Certainty about the future because of Scripture

2 Peter 1:19–21 (ESV)

19 And we have the prophetic word more fully confirmed, to which you will do well to pay attention as to a lamp shining in a dark place, until the day dawns and the morning star rises in your hearts,

The second evidence presented to support the return of Christ is the Holy Scripture, specifically the prophecies about the day of the Lord (2 Peter 3:10). Mention is made of this day on several occasions in the Old Testament. It was strongly tied with the coming of the Messiah and presented as a time when God would right all wrongs. Given the fact that the first coming of Christ has affirmed many promises of Scripture, Christians have every reason to believe that promises about his second coming will also be realized.

Peter presents these Old Testament prophets as lights in a dark place. They testify to the coming of a dawn and prepare us for Christ’s future return. They can and must also be trusted because the men who wrote the Holy Scripture were inspired by the Holy Spirit. They did not speak what they desired but were led by the Spirit of God.
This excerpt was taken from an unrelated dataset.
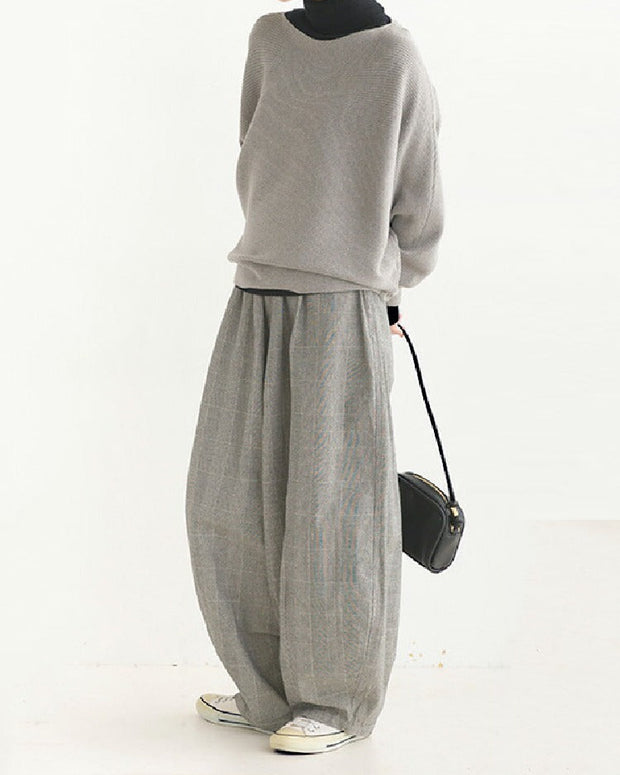 セットアップ レディース ニット セーター＋ワイドパンツ 2点セット ゆったり 体型カバー 秋冬 カジュアル シンプル 上品見え オフィス 通勤 おしゃれ 快適 ID1435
The Reformed Confessions articulate what the Bible teaches us about its inspiration and why we should trust it completely:

Belgic Confession Article 3: The Word of God

We confess that this Word of God did not come by the will of man, but that men spoke from God as they were carried along by the Holy Spirit, as the apostle Peter says (2 Peter 1:21). Thereafter, in his special care for us and our salvation, God commanded his servants—the prophets and apostles—to commit his revealed Word to writing (Exodus 34:27; Psalm 102:18; Revelation 1:11, Revelation 1:19) and he himself wrote with his own finger the two tables of the law. (Exodus 31:18). Therefore we call such writings holy and divine Scriptures (2 Timothy 3:16).

Belgic Confession Article 5: The authority of Holy Scripture

We receive all these books (1 Thessalonians 2:13), and these only, as holy and canonical, for the regulation, foundation, and confirmation of our faith (2 Timothy 3:16–17). We believe without a doubt all things contained in them, not so much because the church receives and approves them as such, but especially because the Holy Spirit witnesses in our hearts that they are from God (1 Corinthians 12:3; 1 John 4:6; 1 John 5:7–8), and also because they contain the evidence of this in themselves; for even the blind are able to perceive that the things foretold in them are being fulfilled (Deuteronomy 18:21, Deuteronomy 18:22; 1 Kings 22:28; Jeremiah 28:9; Ezekiel 33:33).